Items from a dataset
⁂

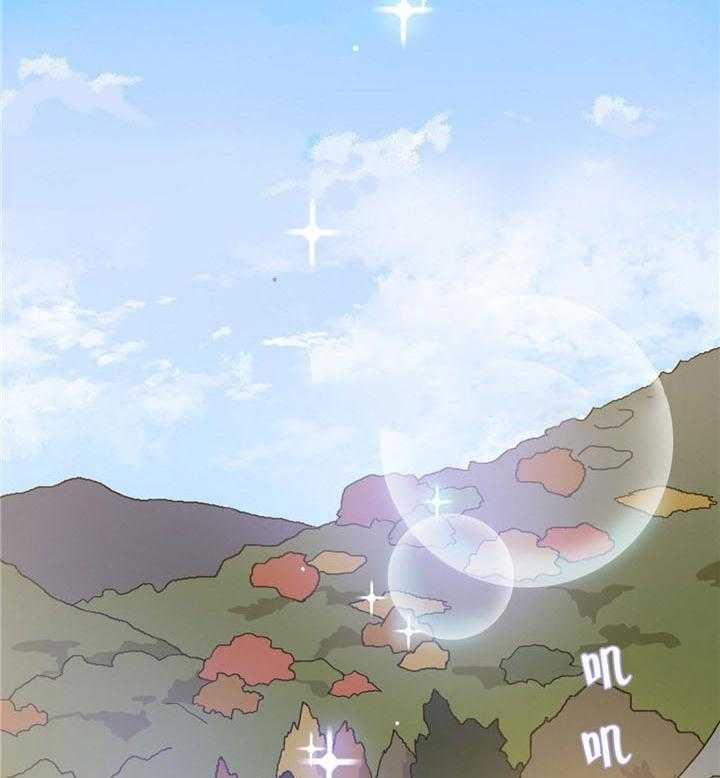 半月书生 第16话 一起生活 第4页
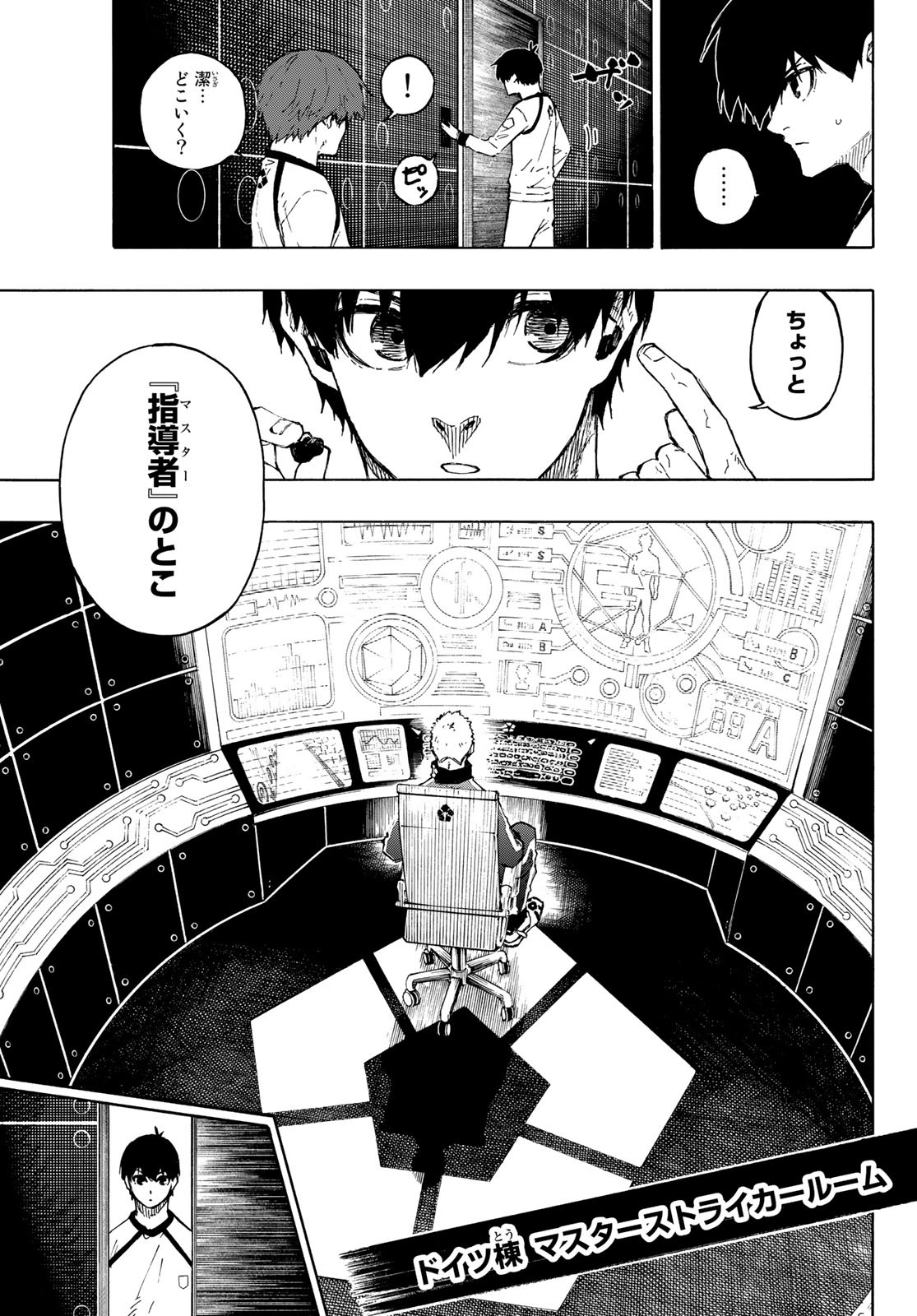 ブルーロック - 第158話 - Page 7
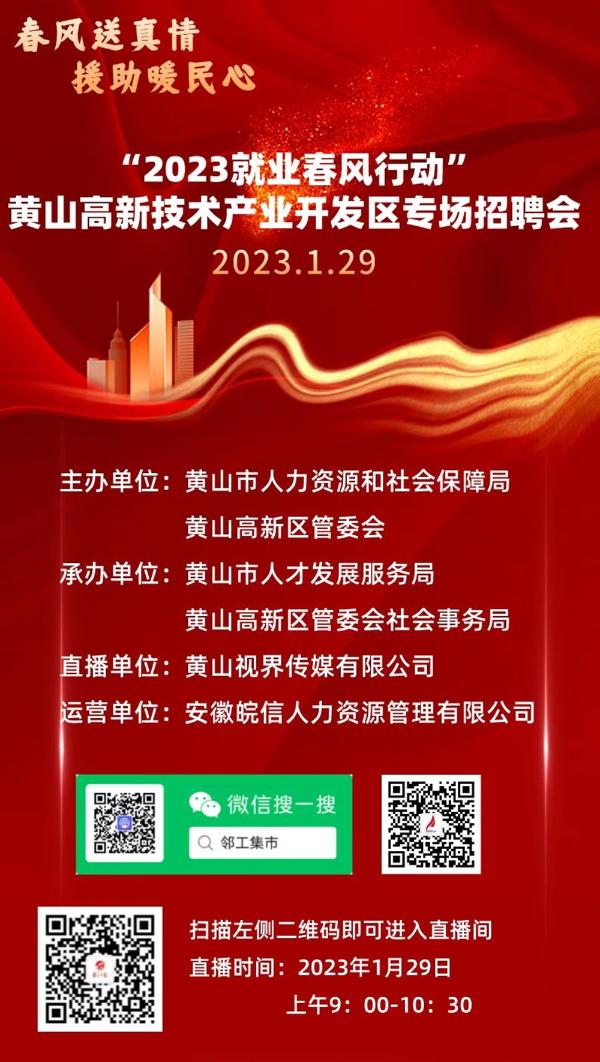 黃山最新招聘，科技革新引領未來招聘新體驗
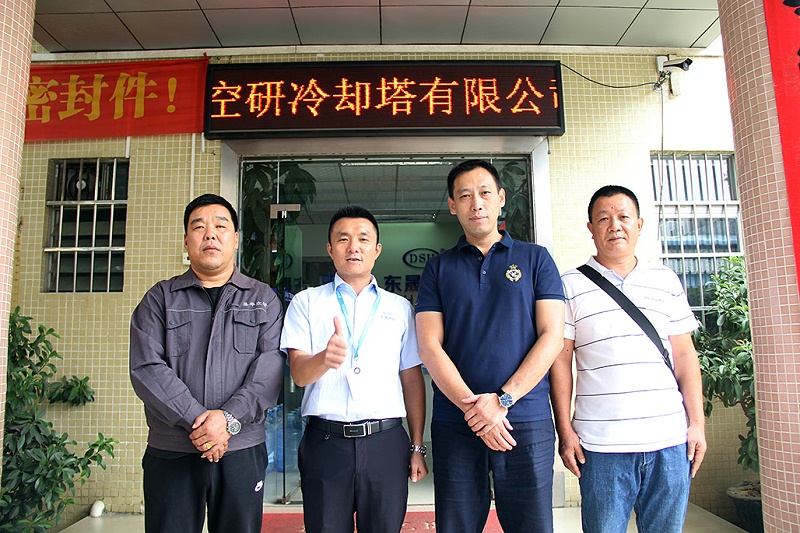 東莞制冷設(shè)備來訪東晟密封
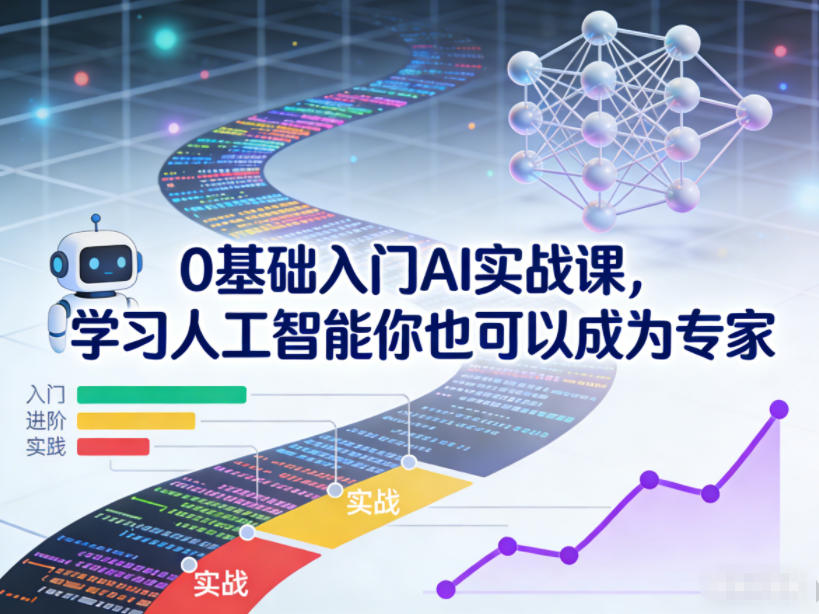 0基础入门AI实战课，学习人工智能你也可以成为专家|网创挖金社
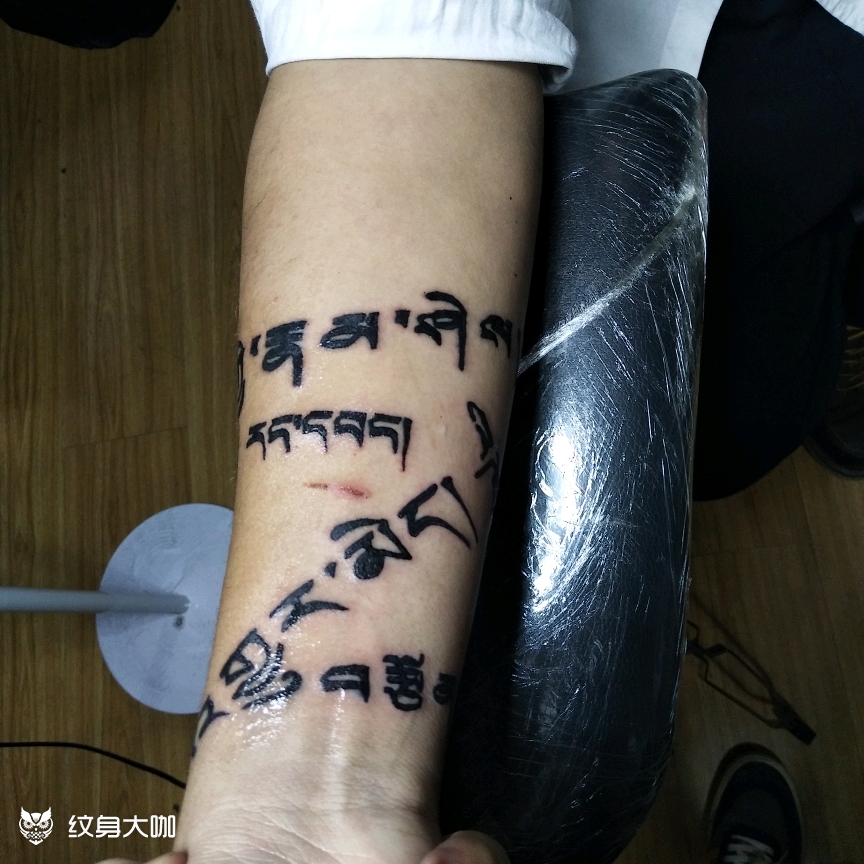 小臂梵文承载者很喜欢最上面是_纹身吧社区 - 纹身大咖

⁂

ACTIVITY »
The records above need to be given again exactly. Omit the pictures.

YOUR RESPONSE »
 半月书生 第16话 一起生活 第4页
 ブルーロック - 第158話 - Page 7
 黃山最新招聘，科技革新引領未來招聘新體驗
 東莞制冷設(shè)備來訪東晟密封
 0基础入门AI实战课，学习人工智能你也可以成为专家|网创挖金社
 小臂梵文承载者很喜欢最上面是_纹身吧社区 - 纹身大咖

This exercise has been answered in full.